When confronted with a need for deeper collaboration and co-ordination with between levels of government, we rely on thinking first framed in 1867. The writers of the British North America Act didn’t envision Canada would ever emancipate itself from British rule, much less build publicly funded health systems that service 38 million people. It was never imagined that data, when shared deliberately and transparently, could drive quality and efficient care. It was never imagined that freedom of movement for both patients and providers could drive better access to care. It was never imagined because there was only one pan in which to cook confederation. There was no other option but to cut the two sides off so everything would fit.

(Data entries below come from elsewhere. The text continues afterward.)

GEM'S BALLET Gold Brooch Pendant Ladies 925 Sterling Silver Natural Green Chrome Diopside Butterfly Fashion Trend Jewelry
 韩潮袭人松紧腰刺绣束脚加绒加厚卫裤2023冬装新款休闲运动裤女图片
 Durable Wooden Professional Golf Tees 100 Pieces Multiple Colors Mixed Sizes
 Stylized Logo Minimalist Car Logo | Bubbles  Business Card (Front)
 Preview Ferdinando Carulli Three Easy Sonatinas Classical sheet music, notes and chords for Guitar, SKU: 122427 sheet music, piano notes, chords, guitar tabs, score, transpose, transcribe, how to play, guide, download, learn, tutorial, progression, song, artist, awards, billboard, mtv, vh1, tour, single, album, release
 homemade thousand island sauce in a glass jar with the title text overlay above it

This is the real challenge to governments in this time of health care collapse. Will we question why we do things the way we always have, or simply lean into old, repackaged ideas served up as ideological leftovers? Cost-cutting and cost-shifting have become the normal way to respond to crisis over the last two decades. Providers are still being asked to do more with less. Patients are carrying more of the burden of health care than ever before, whether that’s less time in hospital or paying more out of pocket. We cling to provincial, territorial or federal jurisdiction as a reason for inaction.
Canada needs to choose a bigger pan. We can expand the dimensions of what health care can provide through pan-Canadian licensure, a national health human resource plan, multijurisdictional data sharing, increased integration of virtual care and team-based care, and by reducing the administrative burden on providers. Any one of these changes could transform the health system, and each – due to the connectedness of the health system – necessitates change in the others. This will start us on the path of transforming the system and turning it into a functional, unified system that makes sense for Canada the way it is today.